--- Supplied material ---

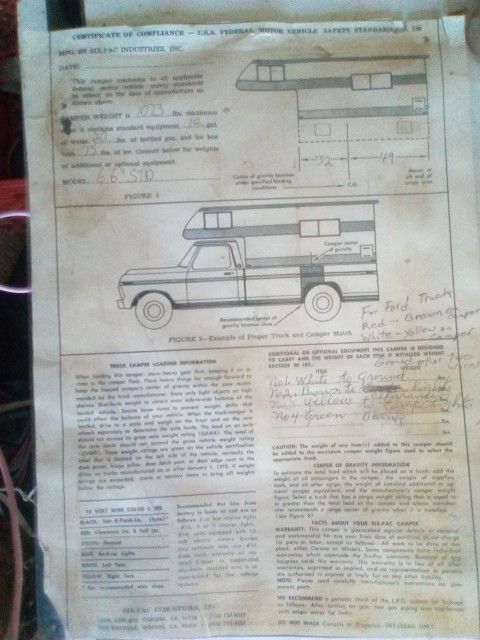1977 Six Pac Cab Over Camper 6"6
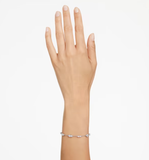  Lắc tay Swarovski Mesmera trắng - Swarovski Mesmera bracelet Mixed cuts, Scattered design, White, Rhodium plated 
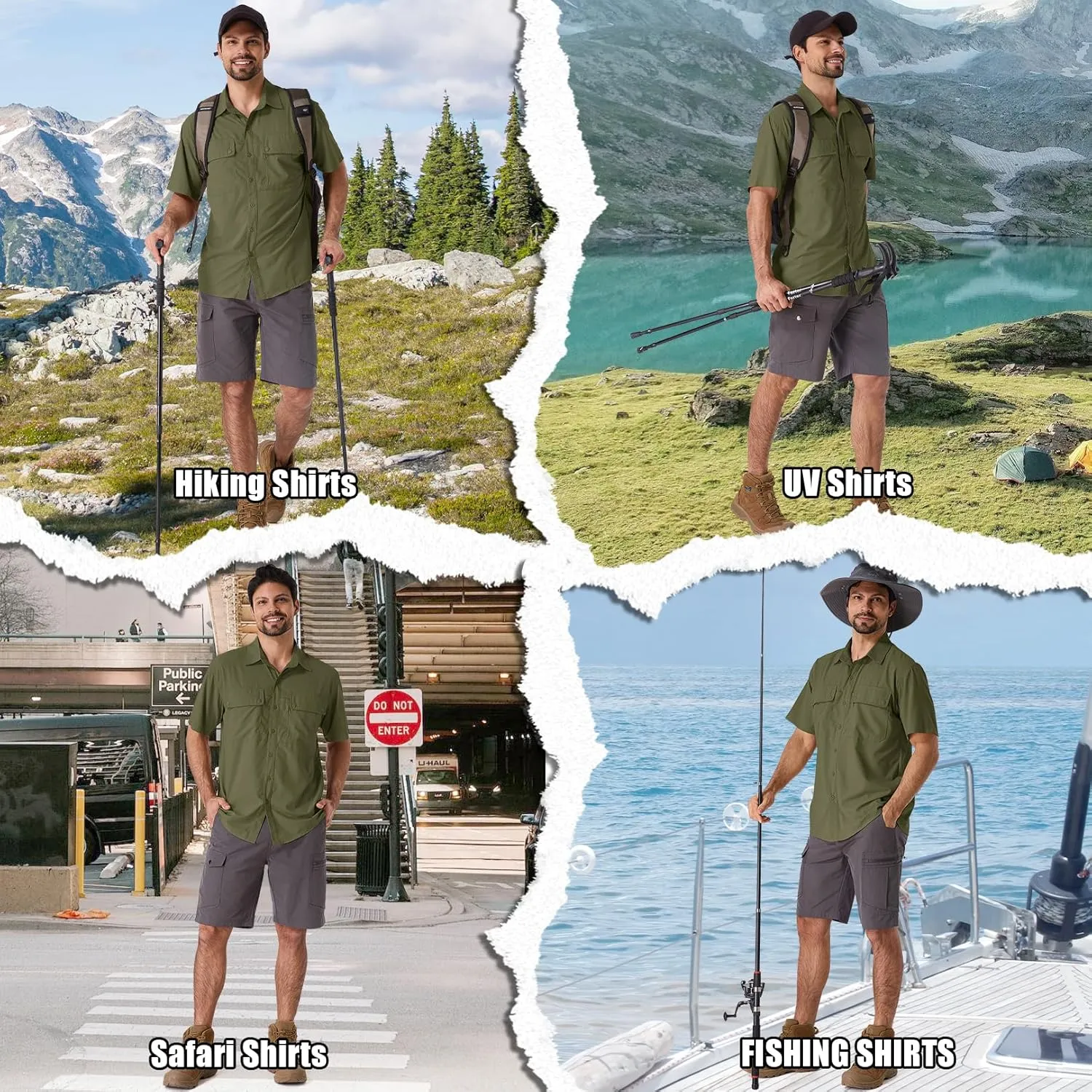 linlon Safari Shirt Men Short Sleeve UPF 50 UV Sun Protection Quick Dry Hiking Fishing Shirts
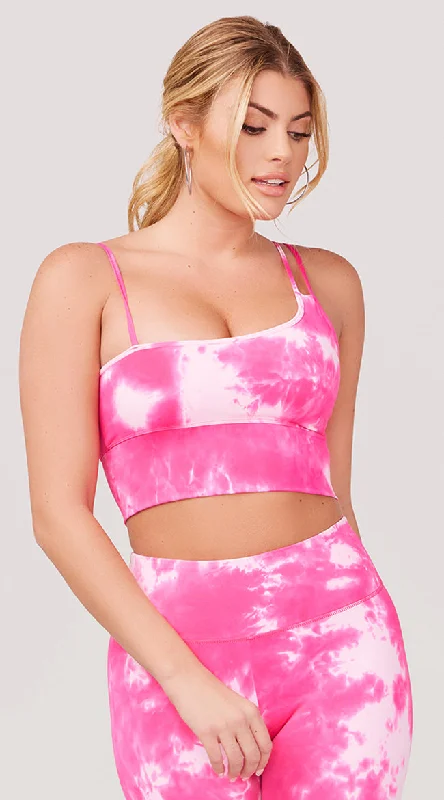 plunge push up bras for a bold lookPink Tie Dye Sports Bra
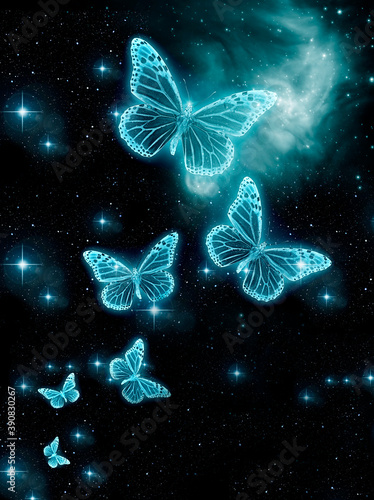 blue glowing butterflies with nebula and stars like romantic magic mystic background  © starblue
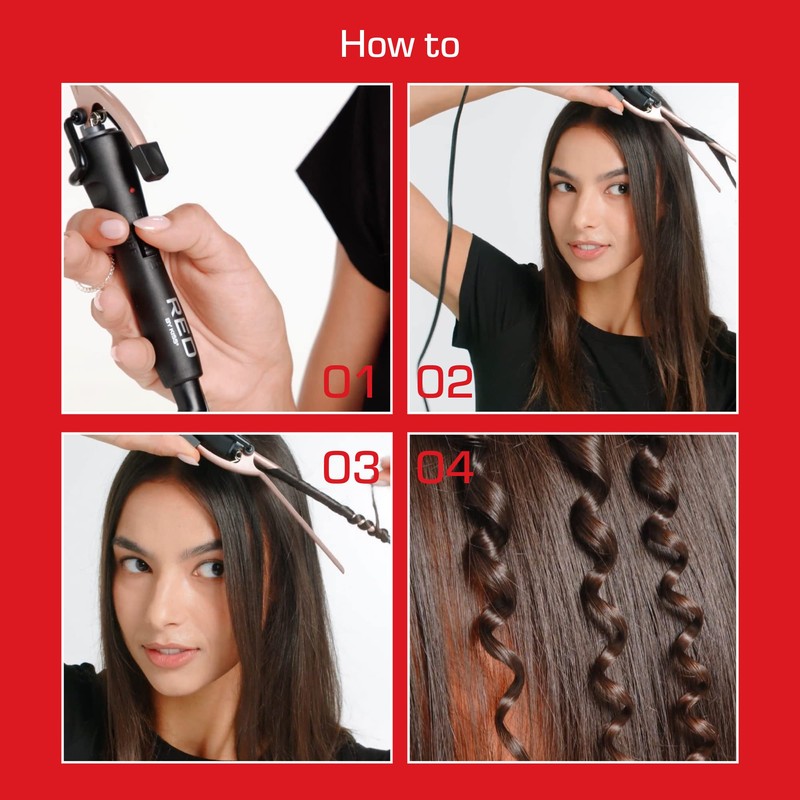 Red by Kiss 1/4 Inch Thin Curling Iron, Pencil Curling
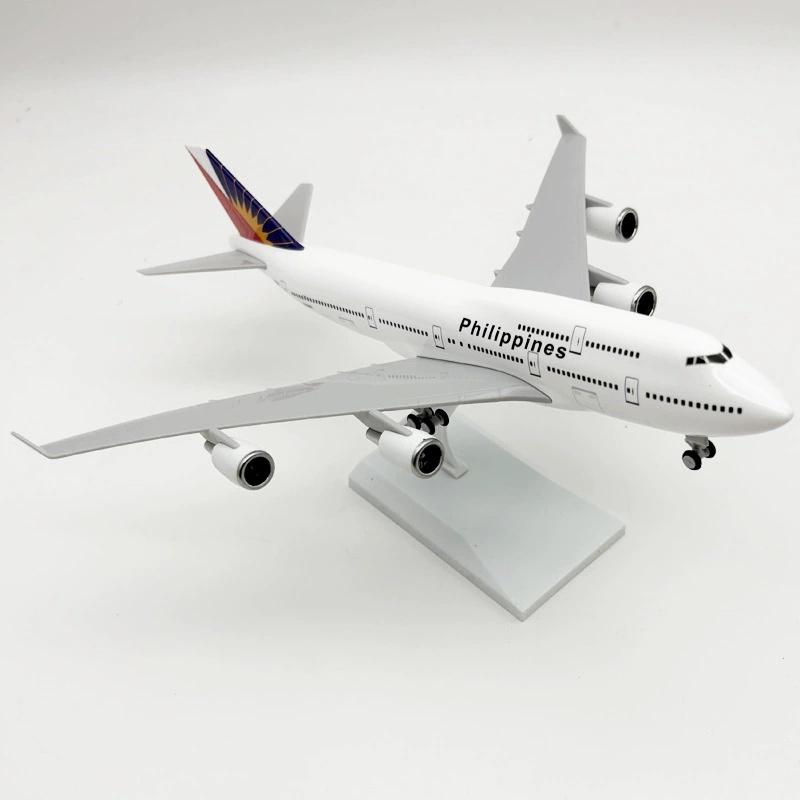 30CM 747 Philippines Airlines Model Aircraft Toys Boys Kids Resin Die-Casting Airplane Simulation Model Planes Collected Gift By
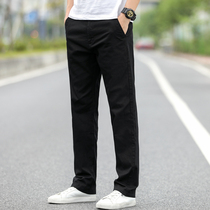 Mens casual pants autumn men plus velvet padded loose straight pants business black suit pants mens casual trousers men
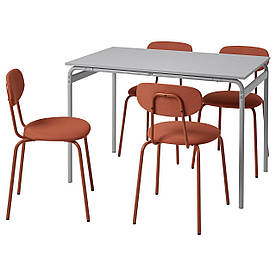 GRÅSALA / ÖSTANÖ Стіл і 4 стільці, сірий/Remmarn червоно-коричневий, 110 см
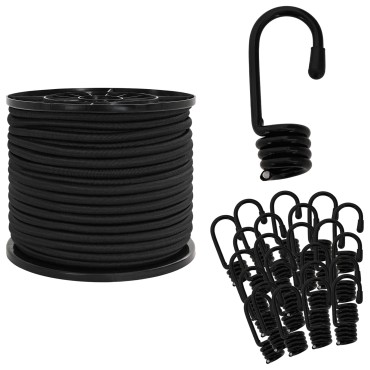 vidaXL Σχοινιά Bungee με Γάντζους 8 mm Μαύρο PP και καουτσούκ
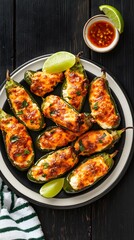 Fototapeta premium Delicious Cheese Stuffed Jalapeños Appetizer Recipe
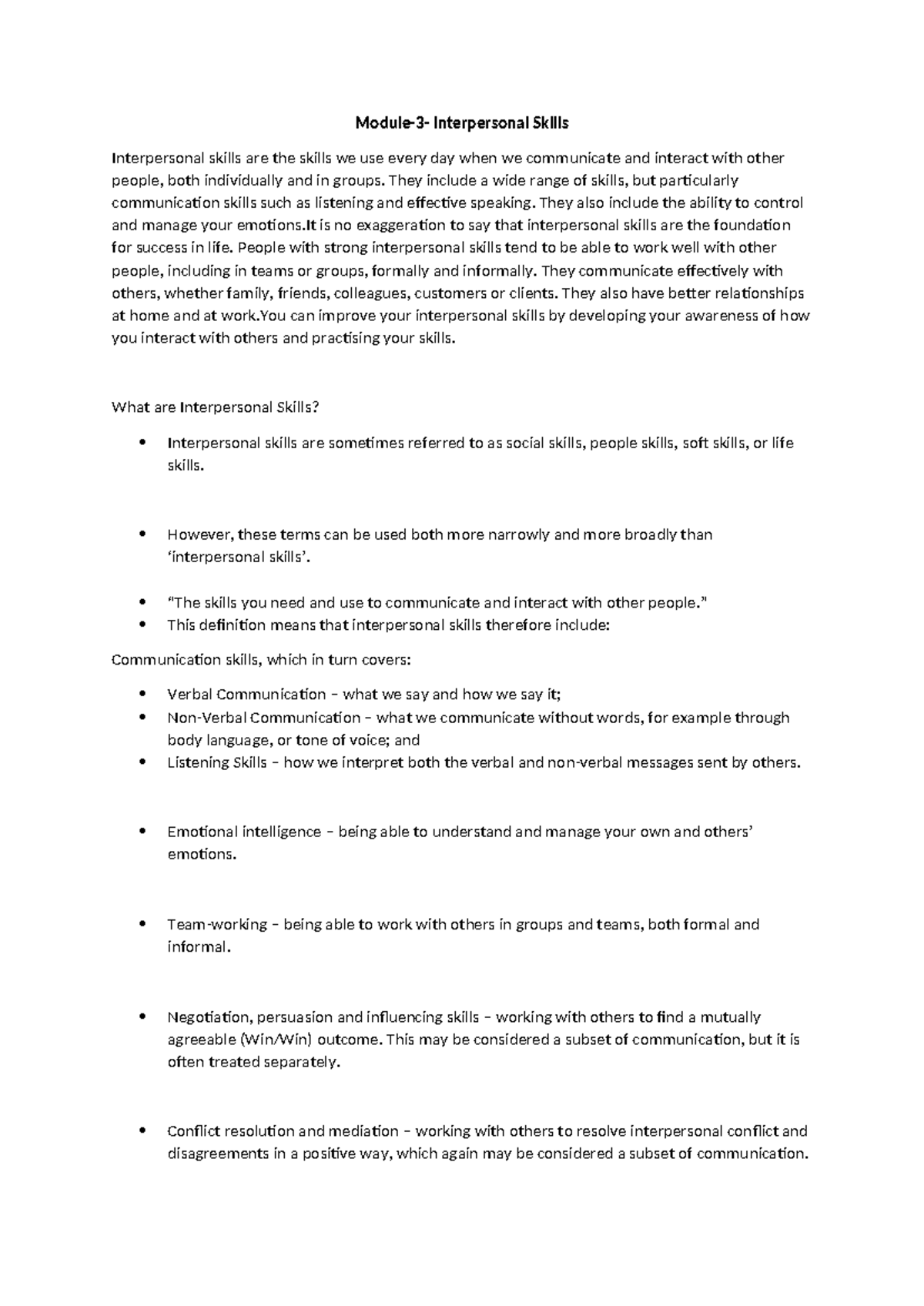 Module 3 Interpersonal Skills Module 3 Interpersonal Skills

---

* [Task objective]:
Keep to the stretch from the line containing "blue glowing butterflies" through the line containing "Red by Kiss", both ends included, and copy it exactly from the listing above, minus the pictures.

* [Reply]:
 blue glowing butterflies with nebula and stars like romantic magic mystic background  © starblue
 Red by Kiss 1/4 Inch Thin Curling Iron, Pencil Curling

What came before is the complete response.